PR #600 added the MergeCoralSchemaWithAvro engine but did not wire it into any call site. As a result, base tables and table scans inside views still resolve through the Hive-only path, even when the table is Iceberg-backed.

This PR adds the Coral-side CoralCatalog plumbing so base tables and table scans can resolve through the new merge engine. Hive- and Iceberg-backed base tables share a single dispatch path; Hive behavior is preserved unchanged for callers that don't opt in.

Summary

  • SchemaUtilities.getAvroSchemaForTable(CoralTable, strictMode) — new overload. HiveTable delegates to the existing getAvroSchemaForTable(Table, strictMode). Other CoralTables (Iceberg-backed) parse partner Avro from CoralTable.properties() via getCasePreservedSchemaFromPropertyMaps (PR Refactor partner-Avro parsing into reusable property-map helper #589) and merge with the Coral schema using MergeCoralSchemaWithAvro.merge. Strict mode throws SchemaNotFoundException when partner Avro is absent; non-strict mode emits a pure Coral-derived schema.
  • ViewToAvroSchemaConverter.create(CoralCatalog, HiveMetastoreClient) — new factory + matching private constructor + optional CoralCatalog field. The existing create(HiveMetastoreClient) factory and constructor are unchanged. inferAvroSchema() dispatches base-table resolution through the CoralCatalog when one is provided; views fall through to the existing path because view conversion still requires HiveToRelConverter on a Hive metastore. coralCatalog is also threaded into the inner RelToAvroSchemaConverter.
  • RelToAvroSchemaConverter — new optional CoralCatalog field + (CoralCatalog, HiveMetastoreClient) constructor. The existing (HiveMetastoreClient) constructor delegates to it with null. SchemaRelShuttle.getTableScanSchema() resolves through coralCatalog.getTable() first when set, falling back to hiveMetastoreClient.getTable() if the CoralCatalog does not surface the table.

Behavior preservation

Every existing constructor/factory still exists. The new constructors delegate to the legacy ones with a null coralCatalog, so the legacy code path is byte-for-byte identical. Callers that don't opt in see no behavior change.

Test plan

  • New SchemaUtilitiesTests cases for the Iceberg path:
    • testGetAvroSchemaForCoralTableIcebergWithPartner — partner-provided record name preserved, fields populated.
    • testGetAvroSchemaForCoralTableIcebergNoPartnerNonStrict — pure Coral-derived schema with name/namespace from the CoralTable name.
    • testGetAvroSchemaForCoralTableIcebergNoPartnerStrictThrowsSchemaNotFoundException raised.
    • testGetAvroSchemaForCoralTableUnqualifiedNameYieldsEmptyNamespace — unqualified name handling.
  • The Hive-delegation branch and the ViewToAvroSchemaConverter / RelToAvroSchemaConverter dispatches are covered transitively by existing tests on the HiveMetastoreClient-only constructors — the new constructors and factories are additive, and null coralCatalog reproduces prior behavior.
  • Full coral-schema:test suite passes; spotlessJavaCheck clean.

Follow-up

Complex multi-branch unions in partner Avro are not yet handled by MergeCoralSchemaWithAvro (only [null, T] shapes are). A follow-up PR will extend the merge engine for union/fixed/UUID/Avro-only edge cases. Pure Iceberg base tables rarely carry multi-branch unions in their partner Avro, so this PR is safe to ship before that work; production regression testing on this path will inform the exact scope of the follow-up.

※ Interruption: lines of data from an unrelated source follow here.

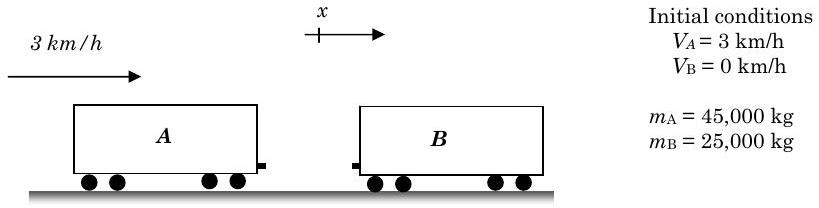El vagón A se mueve hacia la derecha, en la dirección x positiva, a 3 km/h El vagón B está en la misma pista a la derecha de A, y está estacionario. La masa de A es de 45,000 kg y la masa de B es de 25,000 kg.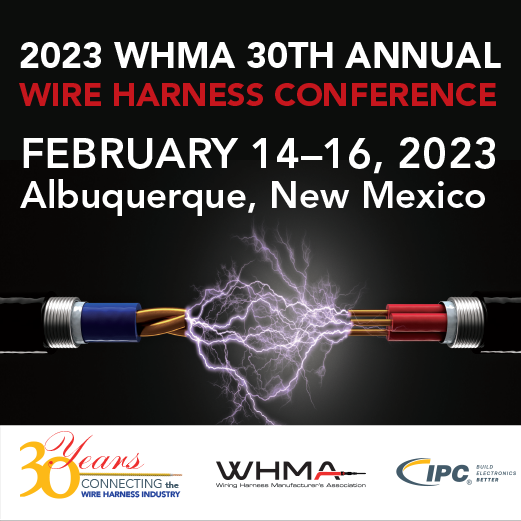 WHMA 30th Annual Wire Conference Square Banner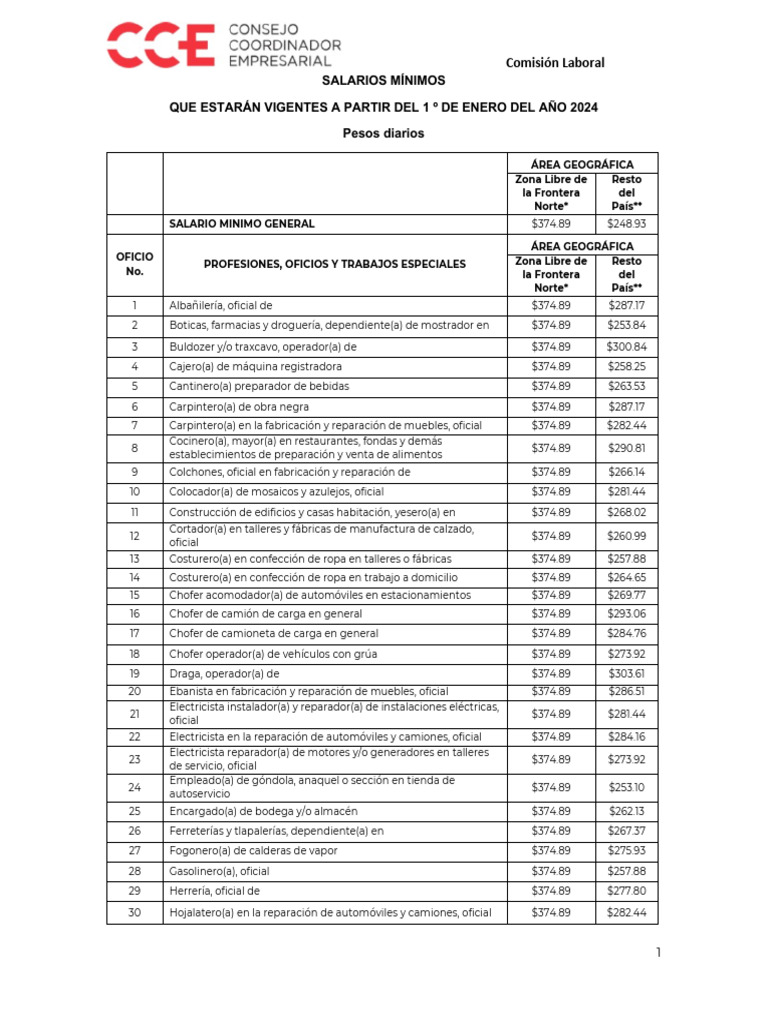 Valor Guia Mei Comercio 2024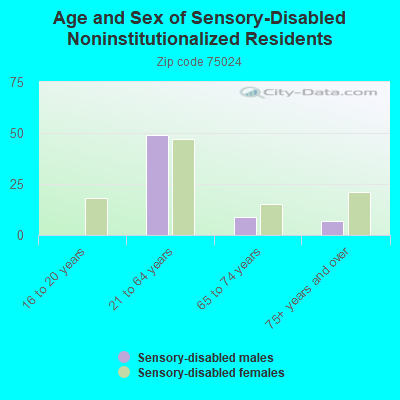 Age and Sex of Sensory-Disabled Noninstitutionalized Residents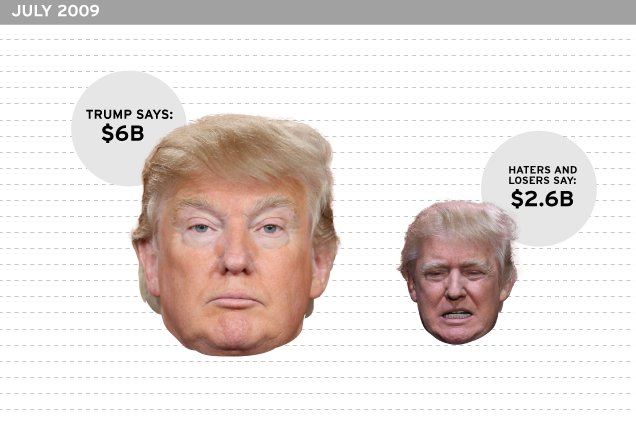 Donald Trump's Grossly Exaggerated Net Worth: A Timeline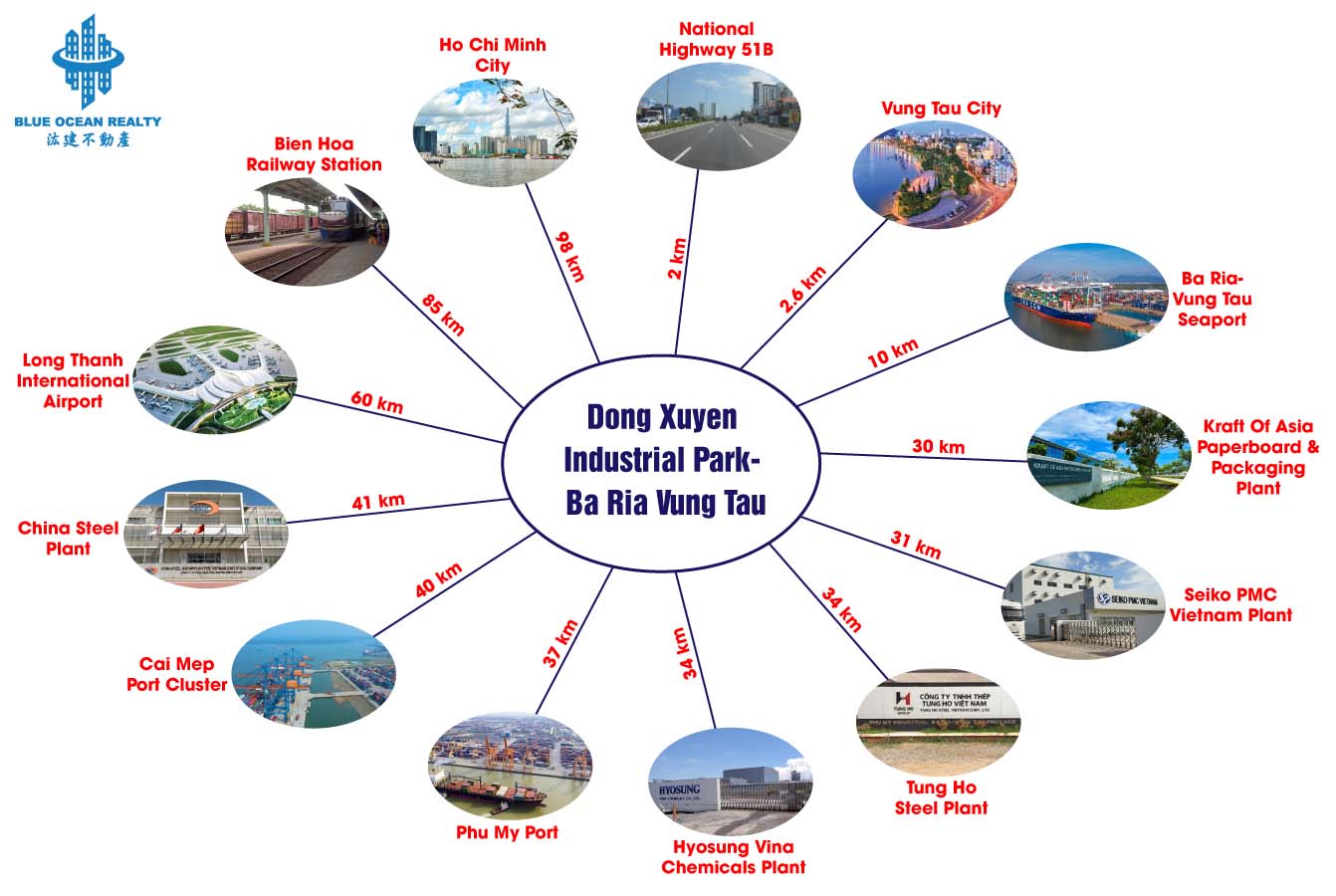Dong Xuyen Industrial Park – Ba Ria Vung Tau
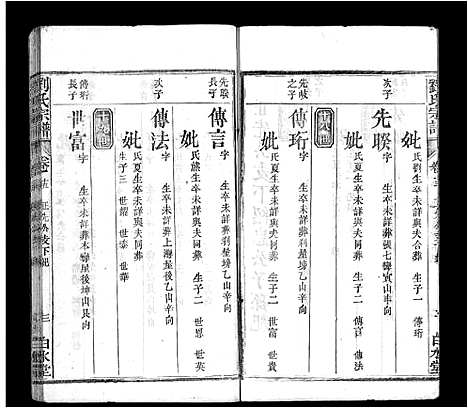 [刘]刘氏宗谱_17卷首3卷-刘氏宗谱 (湖北) 刘氏家谱_十七.pdf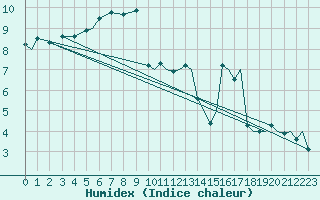 Courbe de l'humidex pour Trondheim / Vaernes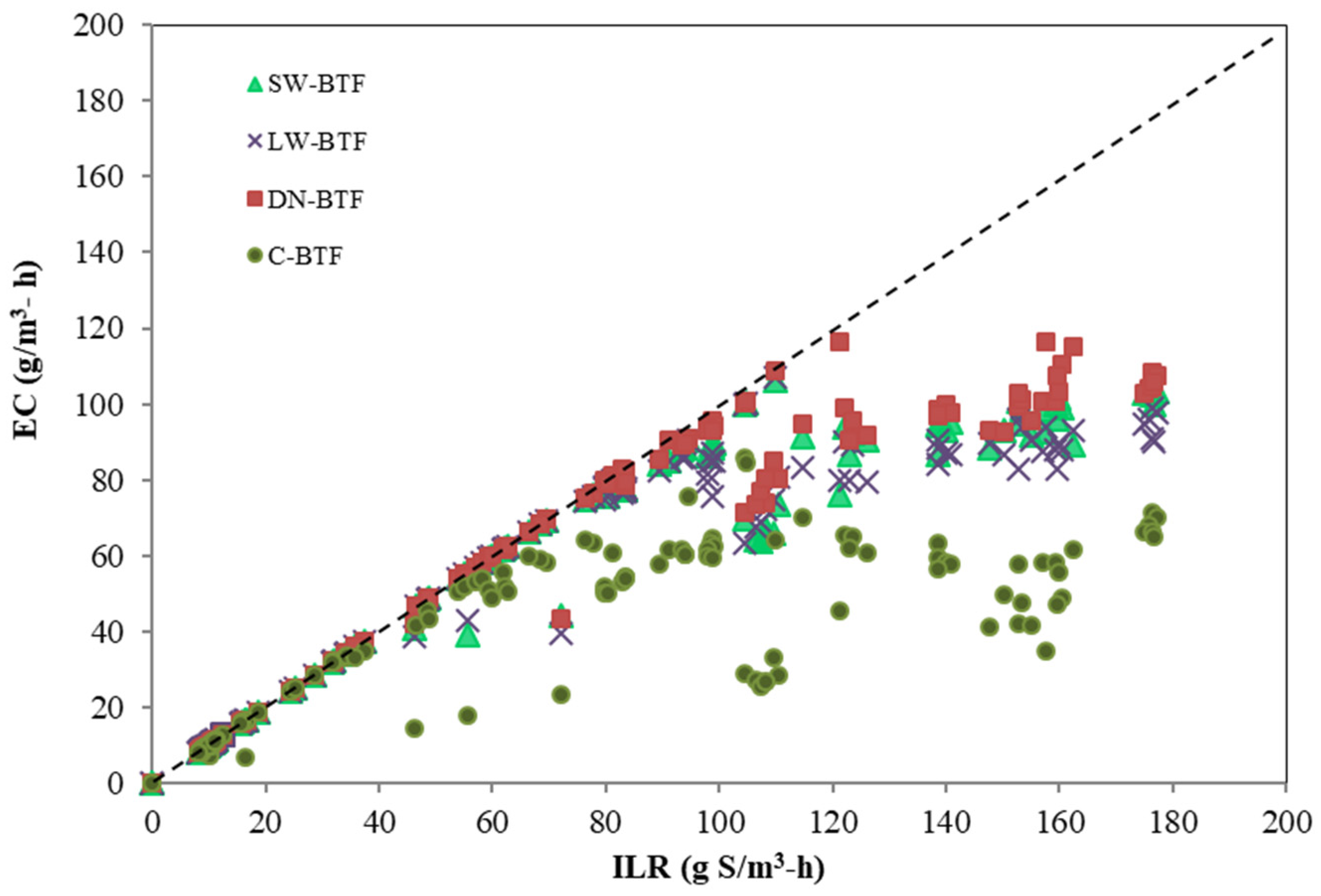 Fermentation 09 00664 g007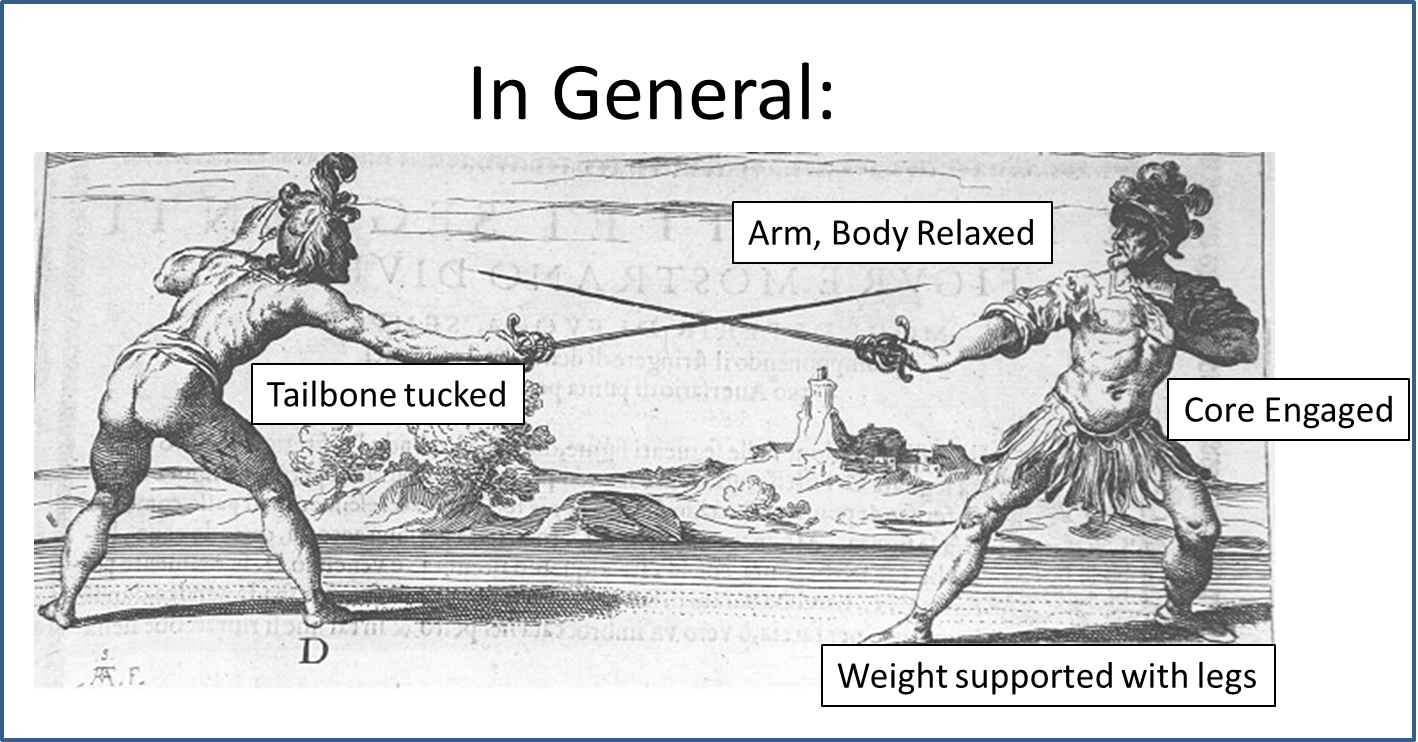 The weekly warfare concussiontechniquegeneral. Pe clipart psychomotor domain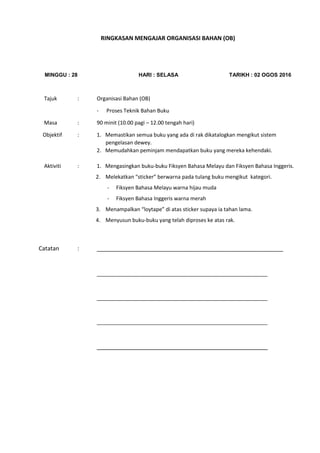 RINGKASAN MENGAJAR ORGANISASI BAHAN (OB)
MINGGU : 28 HARI : SELASA TARIKH : 02 OGOS 2016
Tajuk : Organisasi Bahan (OB)
- Proses Teknik Bahan Buku
Masa : 90 minit (10.00 pagi – 12.00 tengah hari)
Objektif : 1. Memastikan semua buku yang ada di rak dikatalogkan mengikut sistem
pengelasan dewey.
2. Memudahkan peminjam mendapatkan buku yang mereka kehendaki.
Aktiviti : 1. Mengasingkan buku-buku Fiksyen Bahasa Melayu dan Fiksyen Bahasa Inggeris.
2. Melekatkan “sticker” berwarna pada tulang buku mengikut kategori.
- Fiksyen Bahasa Melayu warna hijau muda
- Fiksyen Bahasa Inggeris warna merah
3. Menampalkan “loytape” di atas sticker supaya ia tahan lama.
4. Menyusun buku-buku yang telah diproses ke atas rak.
Catatan : __________________________________________________________
__________________________________________________________
__________________________________________________________
__________________________________________________________
______________________________________________________________________________
 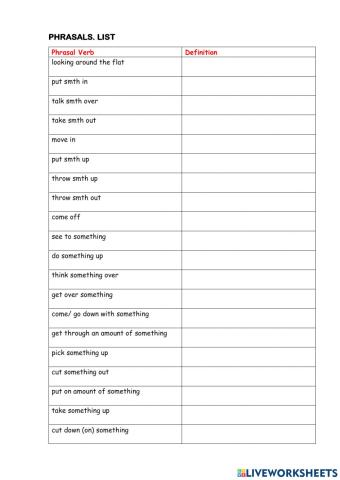Phrasal Verbs and Idioms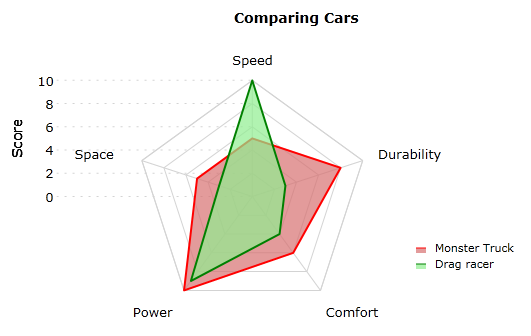 Radar Chart Different Scales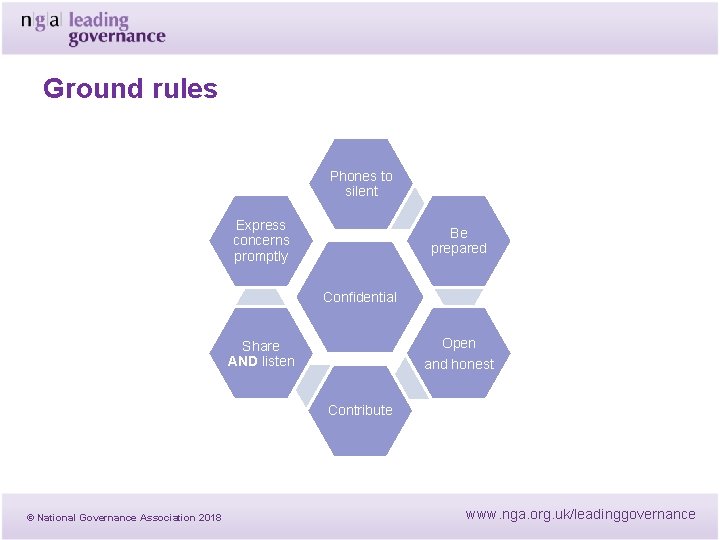 Ground rules Phones to silent Express concerns promptly Be prepared © National Governance Association Ground rules Phones to silent Express concerns promptly Be prepared © National Governance Association
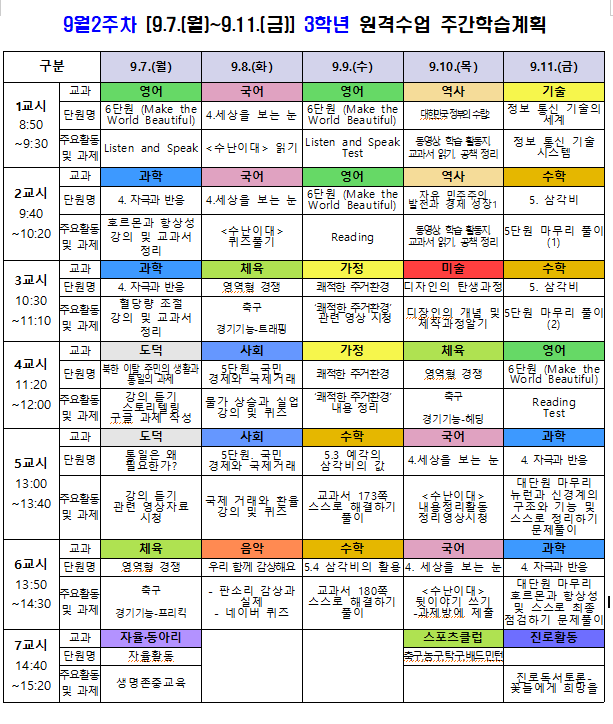 9월2주차(9.7.-9.11.) 3학년 원격 주간학습계획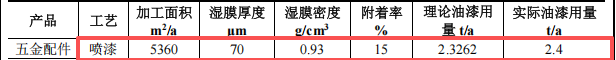 啟明五金投資100萬 年產(chǎn)40噸油性漆涂料項目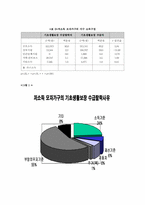 [사회복지정책론] 저소득 모자가구에 대한 기초생활보장제도의 빈곤감소 효과-5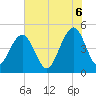 Tide chart for 0.8 mile above entrance, Shipyard Creek, South Carolina on 2025/06/6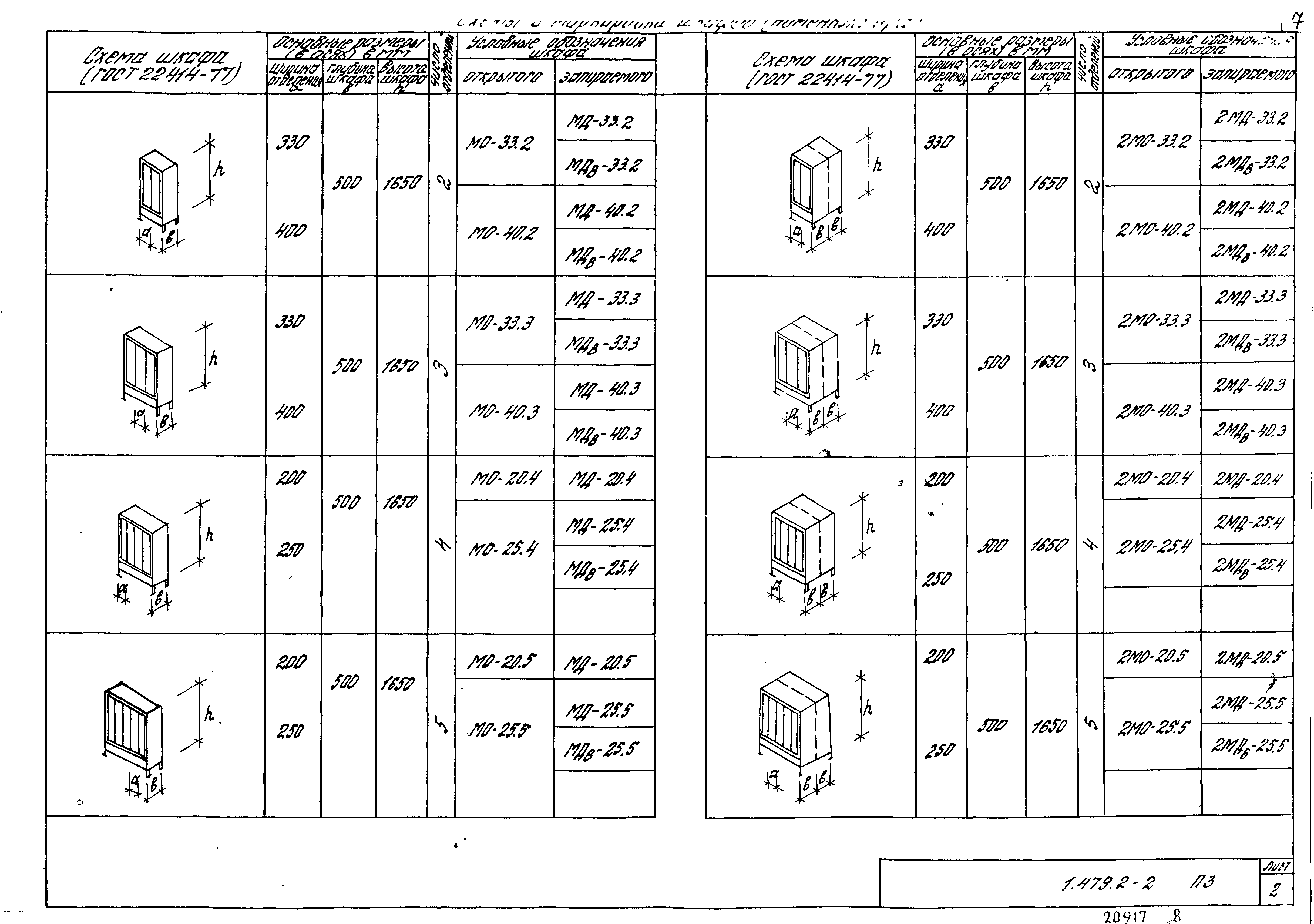 Серия 1.479.2-2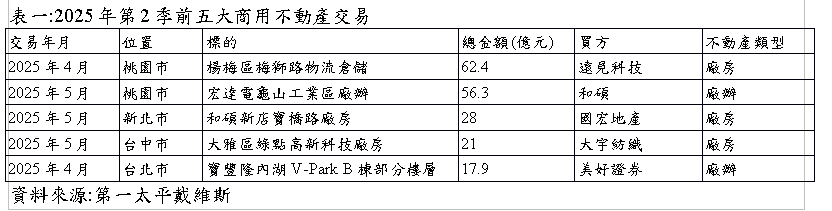 Q2土地交易金額季腰斬!建商購地縮手 僅商用不動產買氣小漲!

@yyy1000 yyy1000 force-pushed the iceberg-first-avro/pr5-pr6-coral-catalog-paths branch from ec53682 to 84af052 Compare April 28, 2026 21:47
* @param hiveMetastoreClient client used for view conversion and as a fallback; must not be null
* @return a new converter wired to both
*/
public static ViewToAvroSchemaConverter create(CoralCatalog coralCatalog, HiveMetastoreClient hiveMetastoreClient) {
Copy link
Copy Markdown
Contributor

Choose a reason for hiding this comment

The reason will be displayed to describe this comment to others. Learn more.

not aligned with this user facing method. from a UX perspective, if a user is looking to generate a view's avro schema , they will either pass CoralCatalog or HiveMetastoreClient depending on whether they are on new or old variant.
we should -
(1) expose a public static - public static ViewToAvroSchemaConverter create(CoralCatalog coralCatalog) {..} method.
(2) mark public static ViewToAvroSchemaConverter create(HiveMetastoreClient hiveMetastoreClient) {..) deprecated.

Copy link
Copy Markdown
Contributor Author

Choose a reason for hiding this comment

The reason will be displayed to describe this comment to others. Learn more.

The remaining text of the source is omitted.